# WORK INSTRUCTION:
Only these lines of the data below are wanted: the one with "Alright guys, I", the one with "The PowerHeart AED", and any lines between them, each repeated exactly.

# SUPPLIED DATA:
****************************************
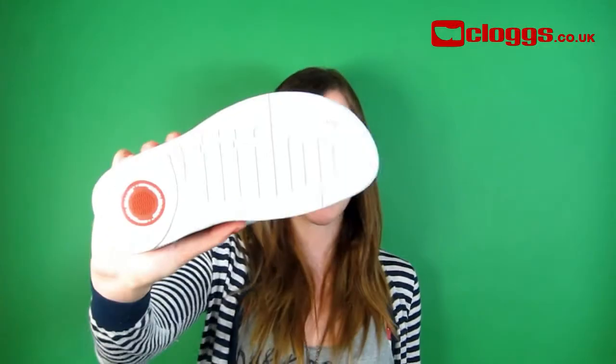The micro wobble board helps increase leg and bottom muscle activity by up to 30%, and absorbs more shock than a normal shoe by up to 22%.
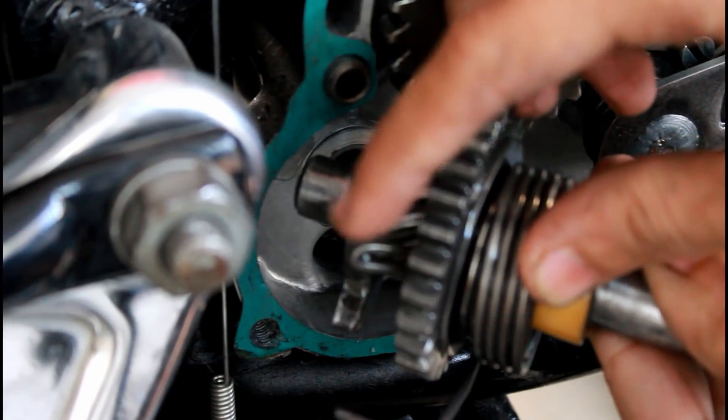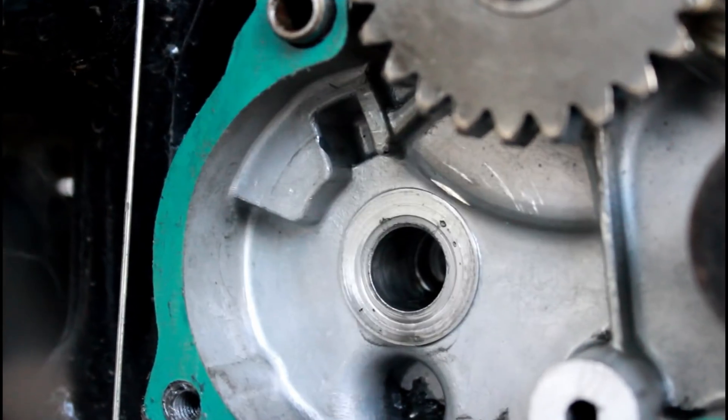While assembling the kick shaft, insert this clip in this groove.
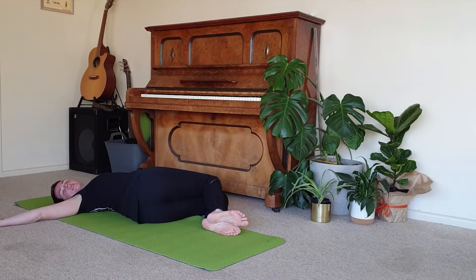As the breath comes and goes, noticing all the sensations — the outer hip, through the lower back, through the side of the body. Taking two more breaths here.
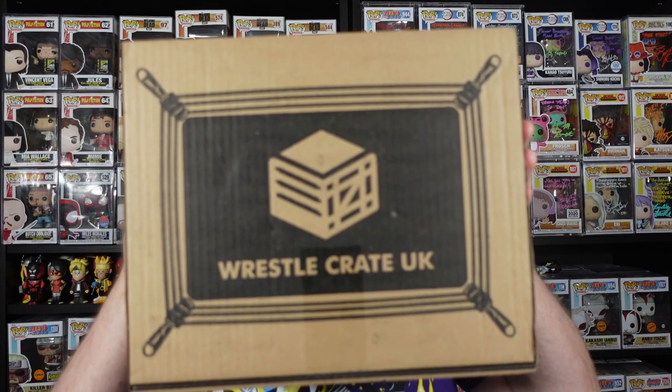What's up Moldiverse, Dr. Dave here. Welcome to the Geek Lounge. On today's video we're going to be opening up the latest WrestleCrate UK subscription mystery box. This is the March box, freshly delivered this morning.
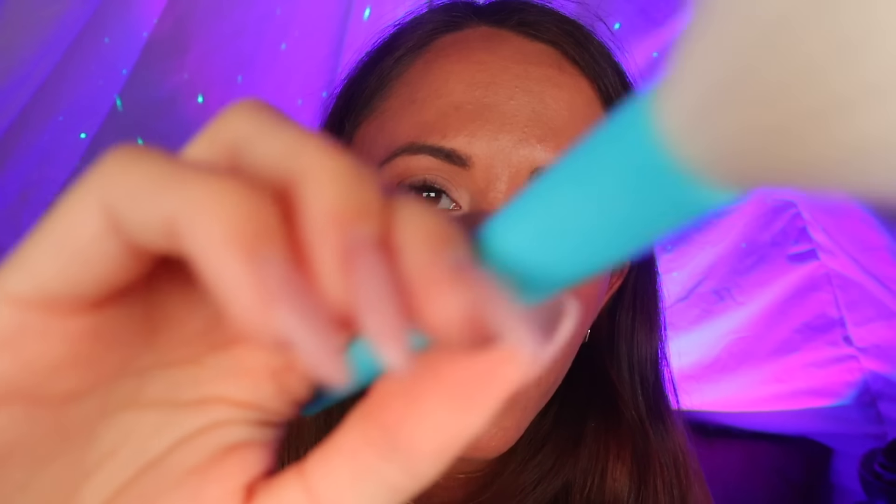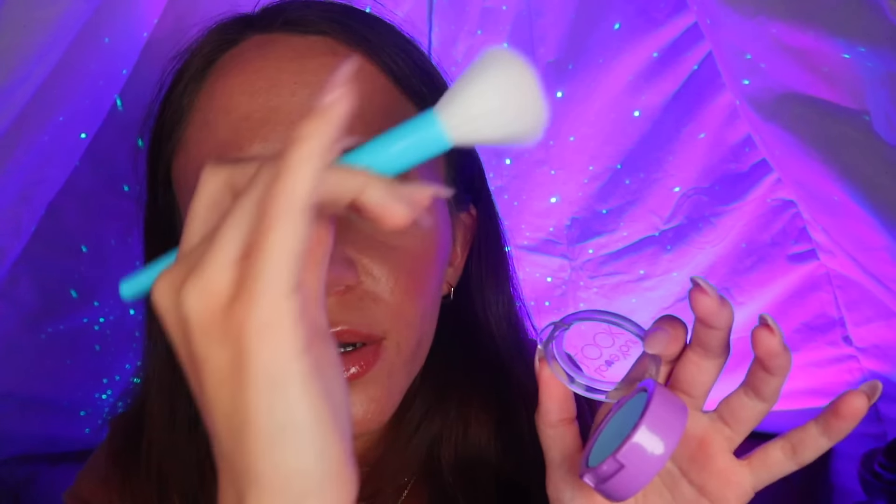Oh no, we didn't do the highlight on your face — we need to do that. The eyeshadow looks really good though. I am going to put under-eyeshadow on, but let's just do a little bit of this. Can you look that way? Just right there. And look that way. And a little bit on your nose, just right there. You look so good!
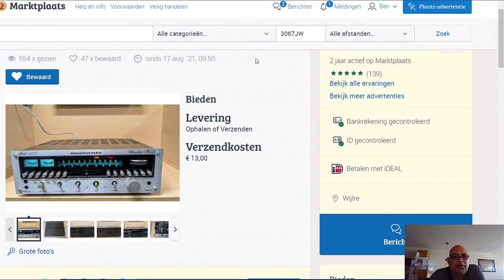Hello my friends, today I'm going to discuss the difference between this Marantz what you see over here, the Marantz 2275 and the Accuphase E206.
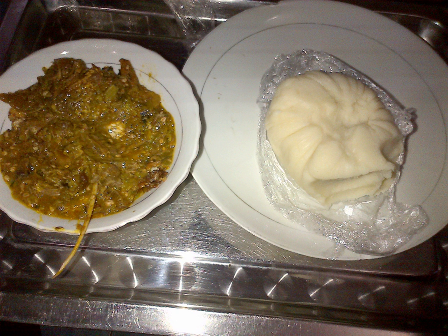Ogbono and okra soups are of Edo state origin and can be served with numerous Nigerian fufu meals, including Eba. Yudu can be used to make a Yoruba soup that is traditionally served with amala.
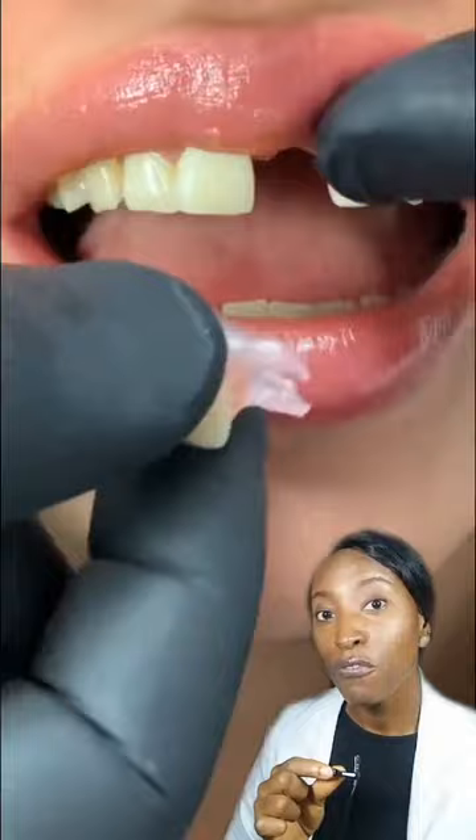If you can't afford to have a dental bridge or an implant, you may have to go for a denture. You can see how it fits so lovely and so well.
****************************************
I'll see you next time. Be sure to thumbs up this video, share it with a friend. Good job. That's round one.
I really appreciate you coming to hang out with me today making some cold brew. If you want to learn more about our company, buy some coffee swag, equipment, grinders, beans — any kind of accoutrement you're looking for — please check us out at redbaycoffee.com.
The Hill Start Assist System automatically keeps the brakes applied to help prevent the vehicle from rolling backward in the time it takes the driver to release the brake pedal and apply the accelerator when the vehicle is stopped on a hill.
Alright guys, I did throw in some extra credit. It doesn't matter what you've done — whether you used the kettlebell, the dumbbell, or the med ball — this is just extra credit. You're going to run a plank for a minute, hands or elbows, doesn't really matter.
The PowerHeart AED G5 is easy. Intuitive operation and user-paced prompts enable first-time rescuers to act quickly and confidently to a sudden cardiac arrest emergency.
****************************************
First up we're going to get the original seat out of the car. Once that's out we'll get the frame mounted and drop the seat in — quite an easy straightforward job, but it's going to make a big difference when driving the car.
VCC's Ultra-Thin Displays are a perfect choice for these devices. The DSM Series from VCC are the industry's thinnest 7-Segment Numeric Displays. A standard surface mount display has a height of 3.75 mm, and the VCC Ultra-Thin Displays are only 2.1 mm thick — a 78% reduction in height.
****************************************
# SOLVED EXERCISE:
Alright guys, I did throw in some extra credit. It doesn't matter what you've done — whether you used the kettlebell, the dumbbell, or the med ball — this is just extra credit. You're going to run a plank for a minute, hands or elbows, doesn't really matter.
The PowerHeart AED G5 is easy. Intuitive operation and user-paced prompts enable first-time rescuers to act quickly and confidently to a sudden cardiac arrest emergency.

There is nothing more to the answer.